Students in Grades K-12 will cast their votes for one of four presidential candidates via Google Chromebooks. On Friday, the results of the mock election will be broadcast to each classroom via state-of-the-art videoconferencing technology.
“Holding a mock election is important because it helps engage students in the political process,” said Social Studies Chairperson Matt Chapkoski. “Rather than simply teaching them about democracy, they get to experience and participate in an election.”
The experience is the culmination of several months of instruction on various facets of the election. Teachers have created myriad age-appropriate projects and lessons with the hope that students will become more informed on the process, the issues and the candidates themselves.
Fourth and 5th Grade students worked on opinion pieces based on research, participated in structured debates, learned election vocabulary and summaries of the hot-button issues at hand. Students at all levels learn how to verify sources and check facts.
Troy Middle School students are creating fictional candidates, choosing issues as platforms and creating campaigns based on their research.
At Troy High School, teachers are reporting a new level of engagement in this year’s election. Rick Steinbach teaches 12th Grade American History and Government where each day he begins his class by reviewing recent news or watching satire clips depicting the election. The class then has a discussion about it, which he says can often become heated.
“Kids are coming in with strong feelings and are more knowledgeable than ever,” he said. “Their attitudes certainly reflect what’s going on outside of the classroom and it doesn’t take much to get under their skin.”
Even non-core teachers are incorporating the election into their instruction. In Troy High’s Performance Art Class, students have included news headlines from the election into one of the songs of their Winter Performance.
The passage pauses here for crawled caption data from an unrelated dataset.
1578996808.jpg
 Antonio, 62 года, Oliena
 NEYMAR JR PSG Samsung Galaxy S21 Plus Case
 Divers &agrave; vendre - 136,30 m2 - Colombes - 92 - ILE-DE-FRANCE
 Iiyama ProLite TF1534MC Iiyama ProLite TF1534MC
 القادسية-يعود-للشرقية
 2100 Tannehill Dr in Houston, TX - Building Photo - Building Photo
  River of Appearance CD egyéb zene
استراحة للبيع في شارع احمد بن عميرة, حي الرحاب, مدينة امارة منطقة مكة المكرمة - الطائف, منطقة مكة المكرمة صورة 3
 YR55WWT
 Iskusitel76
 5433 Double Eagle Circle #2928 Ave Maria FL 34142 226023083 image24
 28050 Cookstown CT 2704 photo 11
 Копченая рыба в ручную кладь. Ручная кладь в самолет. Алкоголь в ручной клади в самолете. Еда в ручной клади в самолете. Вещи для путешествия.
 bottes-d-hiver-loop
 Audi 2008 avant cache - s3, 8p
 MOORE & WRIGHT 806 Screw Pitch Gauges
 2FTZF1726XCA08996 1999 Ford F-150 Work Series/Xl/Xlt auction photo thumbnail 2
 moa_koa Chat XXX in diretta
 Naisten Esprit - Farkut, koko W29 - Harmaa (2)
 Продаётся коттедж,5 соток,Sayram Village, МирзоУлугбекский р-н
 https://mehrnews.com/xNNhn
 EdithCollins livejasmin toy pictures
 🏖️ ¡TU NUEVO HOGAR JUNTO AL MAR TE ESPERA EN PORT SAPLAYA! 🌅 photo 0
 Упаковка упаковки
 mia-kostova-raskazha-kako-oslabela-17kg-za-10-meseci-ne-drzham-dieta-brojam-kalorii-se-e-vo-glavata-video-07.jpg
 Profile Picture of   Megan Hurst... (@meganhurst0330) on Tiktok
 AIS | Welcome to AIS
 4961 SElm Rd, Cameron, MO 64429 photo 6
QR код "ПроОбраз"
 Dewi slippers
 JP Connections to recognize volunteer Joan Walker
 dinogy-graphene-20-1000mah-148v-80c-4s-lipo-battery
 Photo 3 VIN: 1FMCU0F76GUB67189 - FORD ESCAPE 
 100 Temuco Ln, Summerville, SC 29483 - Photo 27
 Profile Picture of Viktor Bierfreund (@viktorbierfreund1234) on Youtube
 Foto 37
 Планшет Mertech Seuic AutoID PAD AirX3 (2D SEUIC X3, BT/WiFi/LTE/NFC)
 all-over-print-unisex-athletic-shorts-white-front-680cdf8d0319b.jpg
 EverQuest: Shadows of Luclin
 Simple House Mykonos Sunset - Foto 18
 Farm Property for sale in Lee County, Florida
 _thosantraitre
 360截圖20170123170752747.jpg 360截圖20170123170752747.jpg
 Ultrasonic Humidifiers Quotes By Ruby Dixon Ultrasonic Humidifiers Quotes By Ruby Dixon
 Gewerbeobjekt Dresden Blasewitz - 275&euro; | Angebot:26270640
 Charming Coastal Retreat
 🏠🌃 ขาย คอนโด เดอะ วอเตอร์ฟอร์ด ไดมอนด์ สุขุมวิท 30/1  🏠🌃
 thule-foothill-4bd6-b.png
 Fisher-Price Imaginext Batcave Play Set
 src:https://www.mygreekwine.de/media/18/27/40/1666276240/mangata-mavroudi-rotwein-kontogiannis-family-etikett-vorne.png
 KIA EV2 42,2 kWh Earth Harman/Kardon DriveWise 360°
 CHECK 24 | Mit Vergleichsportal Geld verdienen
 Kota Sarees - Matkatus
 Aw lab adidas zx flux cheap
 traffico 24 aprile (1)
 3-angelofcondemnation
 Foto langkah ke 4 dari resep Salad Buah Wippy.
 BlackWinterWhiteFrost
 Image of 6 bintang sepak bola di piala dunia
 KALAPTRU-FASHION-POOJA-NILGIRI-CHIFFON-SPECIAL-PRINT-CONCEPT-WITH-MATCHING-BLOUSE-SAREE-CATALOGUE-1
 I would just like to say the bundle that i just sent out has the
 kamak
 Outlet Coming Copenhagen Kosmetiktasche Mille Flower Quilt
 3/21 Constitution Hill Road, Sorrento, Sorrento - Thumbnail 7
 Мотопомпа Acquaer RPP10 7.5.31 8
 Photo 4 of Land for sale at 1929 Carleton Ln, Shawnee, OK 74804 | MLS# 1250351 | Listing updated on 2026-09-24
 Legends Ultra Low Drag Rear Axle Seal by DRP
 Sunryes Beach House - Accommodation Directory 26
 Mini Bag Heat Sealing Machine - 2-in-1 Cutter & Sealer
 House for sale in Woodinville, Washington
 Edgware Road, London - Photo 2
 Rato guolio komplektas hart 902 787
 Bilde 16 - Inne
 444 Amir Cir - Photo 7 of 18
Troy Middle School art students have created presidential self-portrait posters as if they were running for president.
Teachers say that the process gives students the opportunity to create their own opinions based on research rather than the opinion of others.
We want our students making informed decisions and thinking critically about the issues facing our country,” said Chapkoski. “By modeling responsible voting, we are helping engage the next generation of civic-minded citizens.”
The results of the 2016 Troy City School District Mock Presidential Election will be posted Friday, November 4.